Former ASIO director-general Duncan Lewis (Image: AAP/Lukas Coch)

Conservatives used to be be the biggest cheerleaders for Australia’s top national security agency, granting the Australian Security Intelligence Organisation ever more funding and invasive powers to pry into every aspect of our lives. But after failing to fall into line on the talking points on terrorism, the head of ASIO has found himself the target of right-wing ideologues.

You could just about count the number of times ASIO director-general Duncan Lewis has done media interviews or spoken publicly since he was appointed by Tony Abbott in 2014 on two hands. Today, just days after he appeared before a Senate estimates committee, Lewis gave one of his rare interviews to ABC Radio National’s Fran Kelly — AKA the program most gallery journalists, staffers and politicians listen to in the morning — to clear the air.

[What ASIO might know about you — and how to find out for sure]

Lewis had come under attack for comments he made in estimates in response to One Nation leader Pauline Hanson’s comments on the connection between refugees and terrorists. This was the exchange:

Hanson: Can you confirm that the four terrorist attacks — and the 12 foiled — that have happened on Australian soil were committed by Muslims? And if not, who?

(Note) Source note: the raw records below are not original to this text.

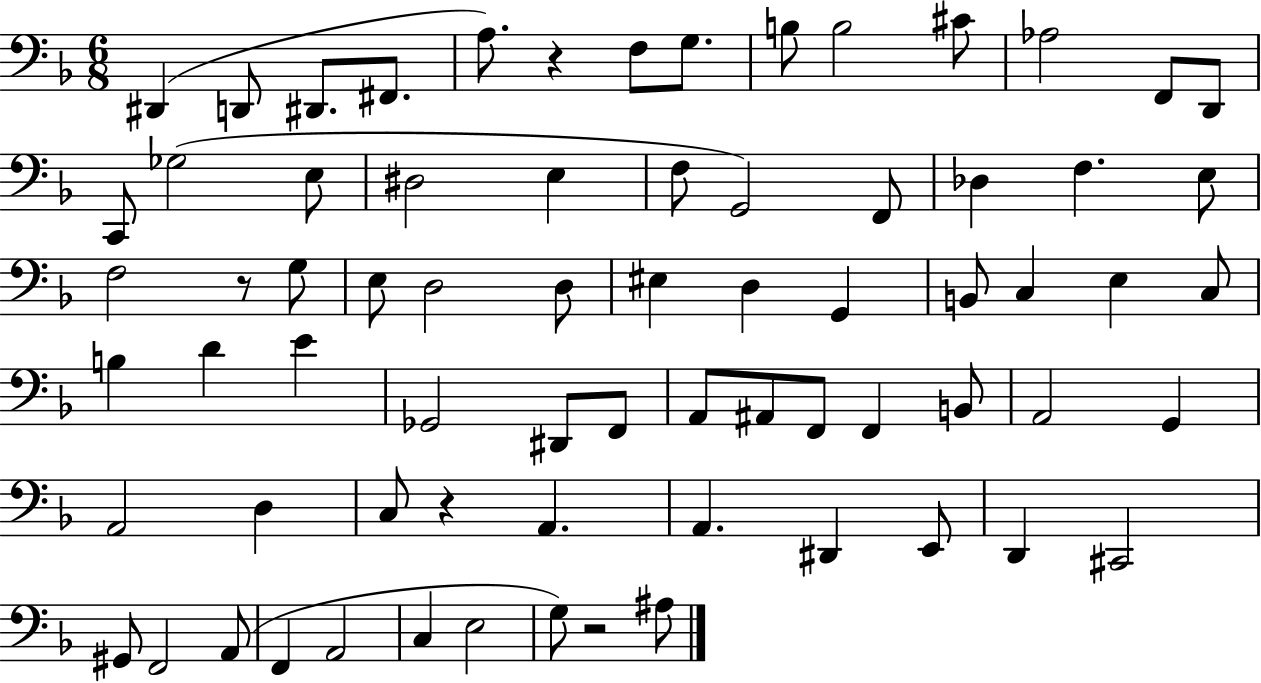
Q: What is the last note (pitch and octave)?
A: A#3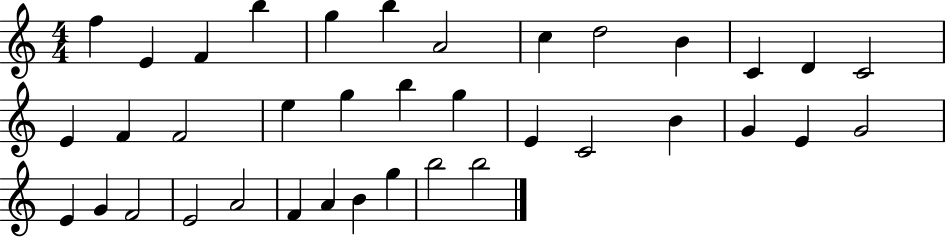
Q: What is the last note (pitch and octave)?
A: B5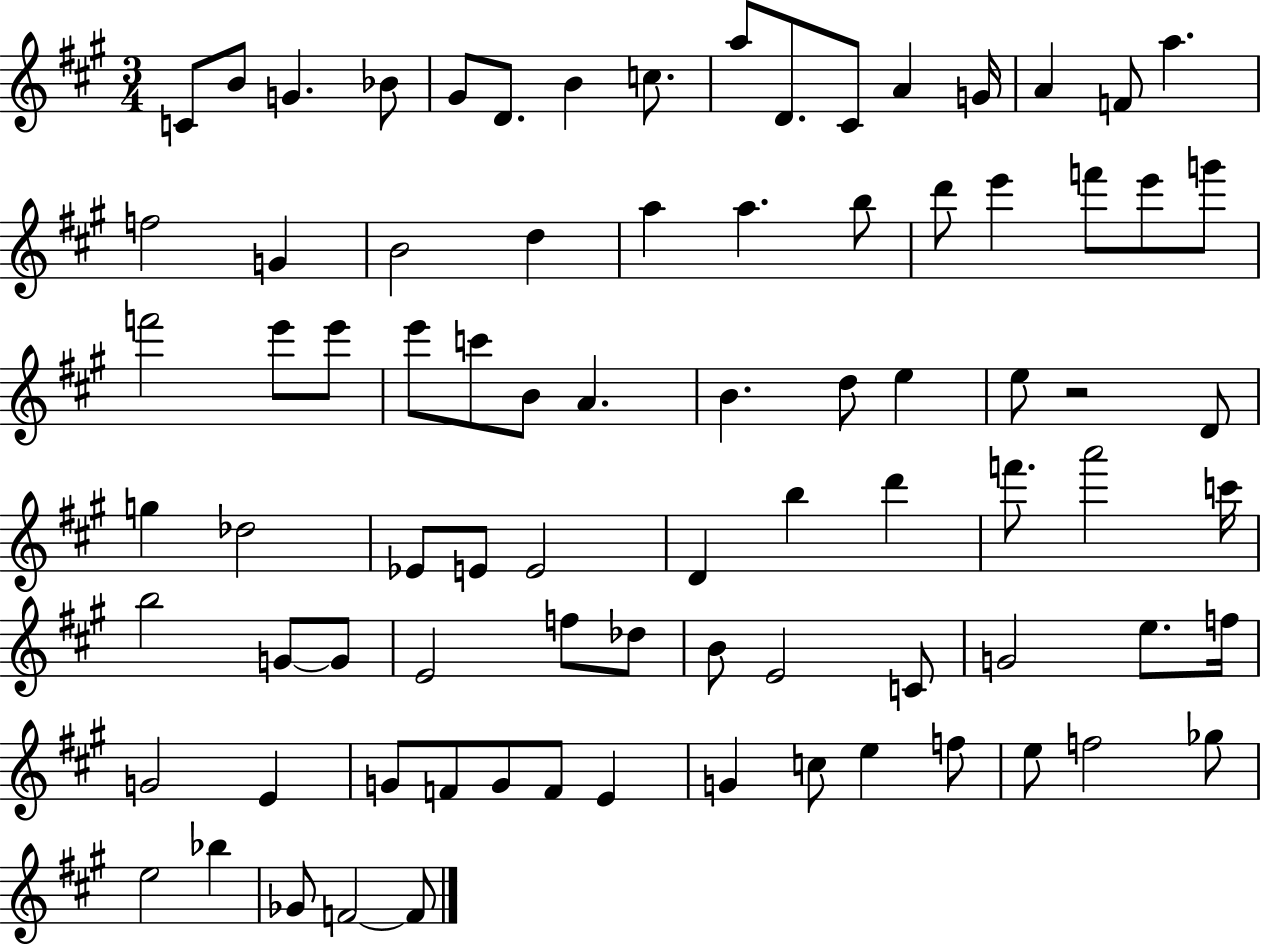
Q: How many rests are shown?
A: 1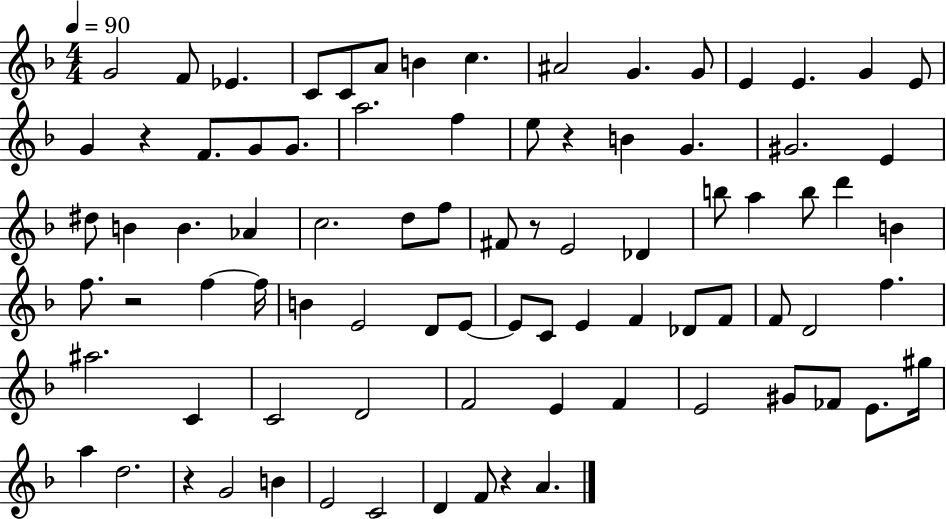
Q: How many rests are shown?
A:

Lewis: I did mention, Senator, in my opening remarks that, of the 12 thwarted attacks, one of those indeed involved a right-wing extremist. So the answer is no, they have not all been carried out by Muslims. But I have to stress, Senator, and this is very important: ASIO does not make its inquiries or its assessments on the basis of somebody’s religion. We are only interested in people who are exhibiting or offering violence and, to the extent that there is violent extremism — which is very frequently inspired by a warped version of Sunni Islam –that is when our interests are invoked.

Hanson: So most of these people do follow Islam and the teachings of Islam, and that is where the radicalisation — so we have had an increase of radicalisation — 

Lewis: Well, I cannot comment on how devout they are, Senator; I have no idea. Are they violent? Yes.

Hanson: Do you believe that radicalisation could be happening in our mosques? In mosques?

Lewis: I would rather not comment on that, Senator, because it actually goes to some of our operational work. But I do go back to my earlier answer: that we are not interested in religion; we are interested in whether an individual is exhibiting or practising violence.

Hanson: Correct. I understand that a lot of the problems that are happening in Australia are because of the increased belief in Islam — that is, where it is the only religion that we have in Australia where we have now had terrorist attacks and problems that are happening on our streets. And that is where we need ASIO and the police and everyone else to try and thwart these dangers that we have, and loss of life. Do you believe that the threat is being brought in, possibly, by Middle Eastern refugees that are coming out to Australia?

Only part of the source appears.